On the other hand, a spot light 11a projected on the surface of the
A camera 12 capable of photographing with a fixed angle is installed.

The camera 12 is connected to an image processing device 13 and converts a photographed image into image data. Then, the coordinate data of the spot light 11a obtained by the image processing device 13 is sent to the sequencer 14, and the relative displacement amount is calculated.

With this configuration, first, with the segment supply truck 6 in the state of FIG.
(Even if it is off the camera lens).

Next, a spot light 11a projected on the surface of the translucent plate 11 is photographed by a camera 12. The photographed image is shown in FIG. In the figure, 6b is the position of the spot light 11a on the finder, and 6c is the reference position.

Next, the image is converted into image data by the image processing device 13. The image data is, as shown in FIG. 3B, the coordinate points (0, 1, 2) on the X axis and the Y axis.
..) Is a set of pixels having a gray value every time, and the gray value at the position of the spot light 11a becomes large.

Next, the image processing device 13 obtains the coordinates (x, y) of the value having the largest density value among the pixels.

Next, the data of the coordinates (x, y) thus obtained indicates the position of the spot light 11a, and is sent to the sequencer 14 by the image processing device 13.

Next, the sequencer 14 calculates the relative displacement (x, y) from the coordinates (x ₁ , y ₁ ) sent and the coordinates (x ₀ , y ₀ ) of the reference position from the following equation. x = x ₁ −x ₀ , y = y ₁ −y ₀

As described above, in the present embodiment, the relative position is directly measured from a position 2 to 3 m away, and the measurement is reliably performed under a special environment such as a tunnel tunnel (where sunlight does not reach, water splashes, etc.). You can do it.

In the present embodiment, a marker (spot light 11a) to be measured is a colored laser light which is strong against darkness, water and dirt, and the marker is photographed at a fixed point from a distant position (determined in advance). The same trimming is performed at the set position), and the amount by which the position of the marker deviates from the set reference point can be output.

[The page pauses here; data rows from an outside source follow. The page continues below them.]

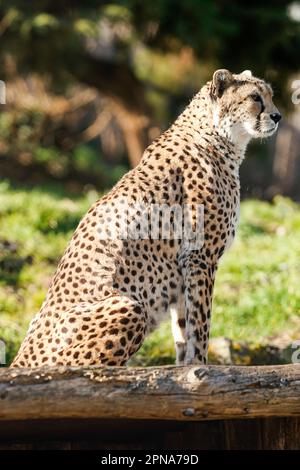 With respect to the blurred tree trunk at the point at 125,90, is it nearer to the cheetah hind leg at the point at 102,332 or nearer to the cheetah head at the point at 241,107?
the cheetah head at the point at 241,107

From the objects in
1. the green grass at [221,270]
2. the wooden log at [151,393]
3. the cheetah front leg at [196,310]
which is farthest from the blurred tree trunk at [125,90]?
the wooden log at [151,393]

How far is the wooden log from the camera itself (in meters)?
3.50

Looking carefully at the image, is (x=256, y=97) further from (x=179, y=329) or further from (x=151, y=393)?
(x=151, y=393)

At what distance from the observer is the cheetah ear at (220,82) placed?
493 cm

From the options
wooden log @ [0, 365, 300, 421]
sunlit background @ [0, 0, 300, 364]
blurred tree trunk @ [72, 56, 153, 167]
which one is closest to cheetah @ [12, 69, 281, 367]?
wooden log @ [0, 365, 300, 421]

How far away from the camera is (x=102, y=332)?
403 centimetres

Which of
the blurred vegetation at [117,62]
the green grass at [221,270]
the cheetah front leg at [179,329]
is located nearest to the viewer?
the cheetah front leg at [179,329]

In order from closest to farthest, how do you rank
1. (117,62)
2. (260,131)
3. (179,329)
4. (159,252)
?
(159,252) → (179,329) → (260,131) → (117,62)

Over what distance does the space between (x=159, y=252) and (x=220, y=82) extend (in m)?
0.98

The present invention is not limited to the above embodiment, and it goes without saying that various modifications can be made without departing from the spirit of the present invention.

[0024]

According to the supply segment position detecting method of the present invention, the supply segment automatically gripped by the excavator body-side gripper is irradiated with marker light, the marker light is photographed, and an image is detected. The following effects are achieved. (1) Since the relative position can be grasped from a position separated by 2 to 3 m, there is no time for moving the sensor as in the conventional method, and the time required for measurement is very short. (2) Since it is only necessary to take an image of a marker and perform image processing, the apparatus can be simplified and provided at low cost as compared with the conventional method that requires a moving structure of the sensor and a data processing apparatus associated therewith.

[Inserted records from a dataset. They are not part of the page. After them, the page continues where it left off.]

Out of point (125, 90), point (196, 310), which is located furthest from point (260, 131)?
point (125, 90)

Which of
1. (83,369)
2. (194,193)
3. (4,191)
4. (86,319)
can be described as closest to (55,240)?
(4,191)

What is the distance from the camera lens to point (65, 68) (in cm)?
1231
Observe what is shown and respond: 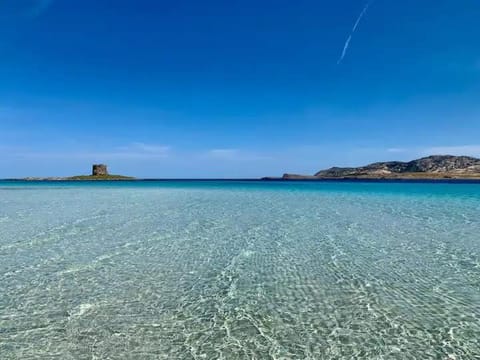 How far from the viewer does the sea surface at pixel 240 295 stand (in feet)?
19.6

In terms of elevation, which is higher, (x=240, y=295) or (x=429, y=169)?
(x=429, y=169)

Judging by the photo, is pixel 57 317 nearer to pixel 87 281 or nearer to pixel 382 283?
pixel 87 281

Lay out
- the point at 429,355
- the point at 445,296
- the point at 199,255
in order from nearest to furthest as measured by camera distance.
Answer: the point at 429,355 < the point at 445,296 < the point at 199,255

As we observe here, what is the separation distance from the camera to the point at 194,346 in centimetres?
597

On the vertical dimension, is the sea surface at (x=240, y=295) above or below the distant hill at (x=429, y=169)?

[Brief description of the drawings]

FIG. 1 is a sectional view of a tunnel excavator according to one embodiment of the present invention.

FIG. 2 is a diagram illustrating a measurement mechanism.

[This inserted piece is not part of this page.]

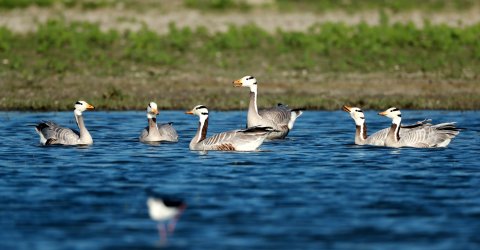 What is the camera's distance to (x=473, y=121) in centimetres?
2483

FIG. 3 is a photographed image diagram.

FIG. 4 is a sectional view of a conventional tunnel excavator.

[Explanation of symbols]

 DESCRIPTION OF SYMBOLS 1 Excavator main body 2 Cutter device 3 Segment elector device 4 Grip 6 Segment supply trolley 8 Segment 10 Laser light source 10a Laser light 11 Translucent plate 11a Spot light 12 Camera 13 Image processing device 14 Sequencer

Claims (1)

[Claims] The present invention is characterized in that a position of a supply segment is detected by irradiating a marker light to a supply segment automatically gripped by an excavator body side gripper, photographing the marker light, and detecting an image. Of detecting the position of a supply segment in a rotating tunnel excavator.